* _RECORDS FOR THE EXERCISE_:
####

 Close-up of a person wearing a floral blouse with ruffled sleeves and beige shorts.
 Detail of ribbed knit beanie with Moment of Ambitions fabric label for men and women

####

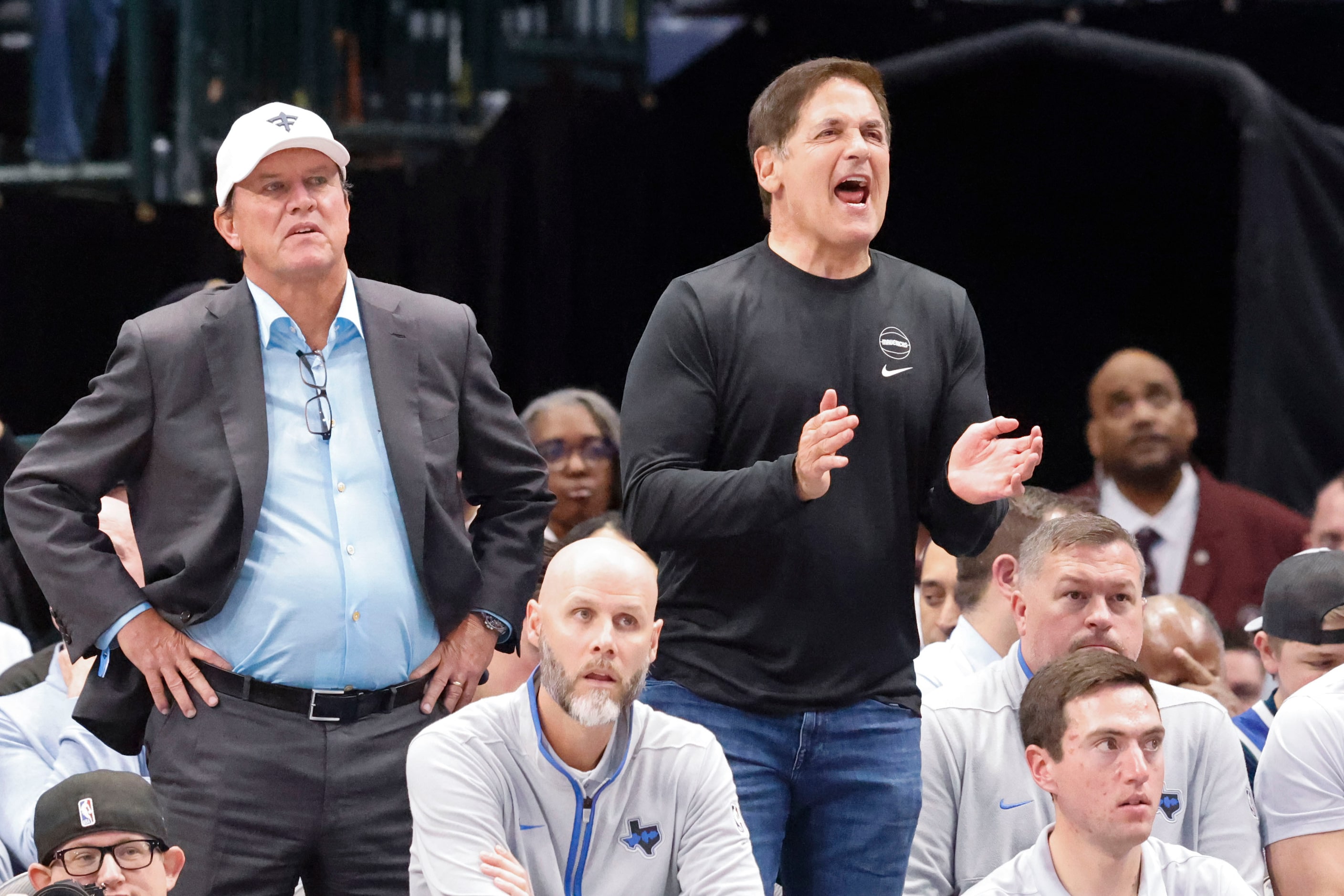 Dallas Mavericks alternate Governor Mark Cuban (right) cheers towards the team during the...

####

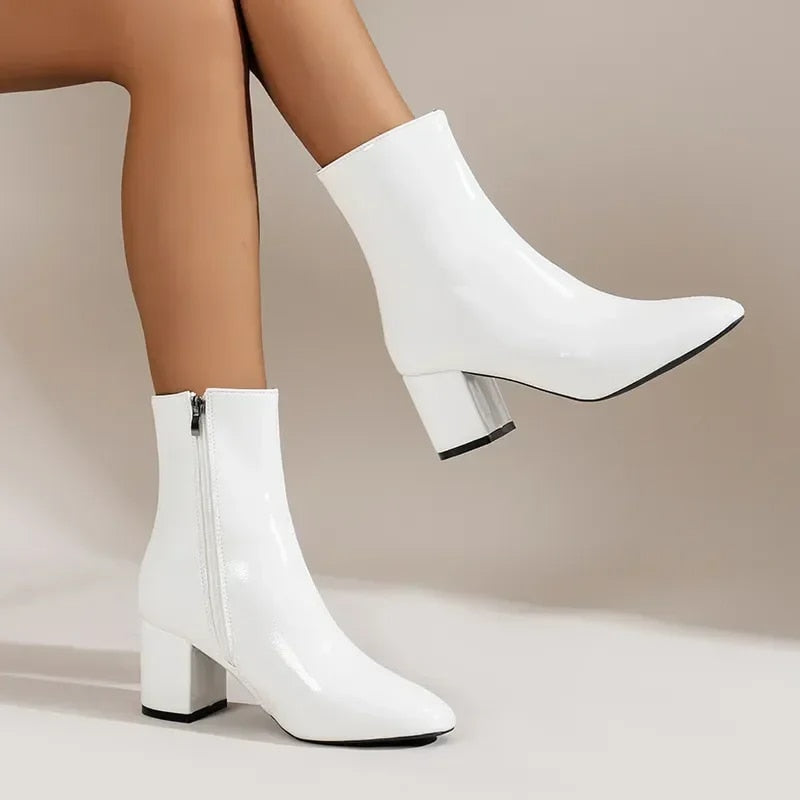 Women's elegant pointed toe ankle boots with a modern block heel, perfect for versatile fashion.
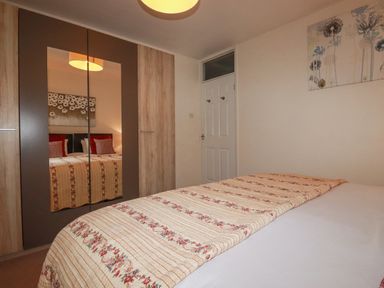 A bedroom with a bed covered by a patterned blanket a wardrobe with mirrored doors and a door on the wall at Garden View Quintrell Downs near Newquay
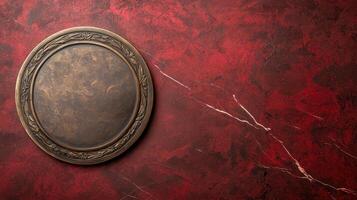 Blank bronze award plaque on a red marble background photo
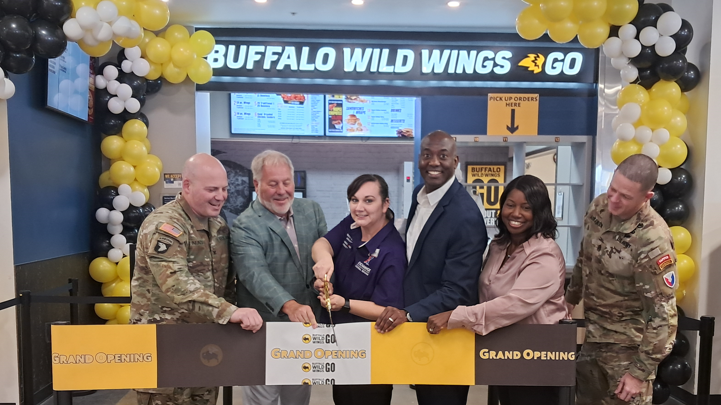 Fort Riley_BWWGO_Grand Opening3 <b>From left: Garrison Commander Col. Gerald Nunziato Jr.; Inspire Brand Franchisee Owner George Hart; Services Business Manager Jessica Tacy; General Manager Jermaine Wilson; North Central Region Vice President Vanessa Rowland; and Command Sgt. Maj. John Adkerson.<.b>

####

* _WHAT TO PRODUCE_: Exactly the lines starting at the one above with "Women's elegant pointed" and ending at the one with "A bedroom with" should be printed, and nothing else. Omit the pictures.

* _ANSWER SPACE_:
 Women's elegant pointed toe ankle boots with a modern block heel, perfect for versatile fashion.
 A bedroom with a bed covered by a patterned blanket a wardrobe with mirrored doors and a door on the wall at Garden View Quintrell Downs near Newquay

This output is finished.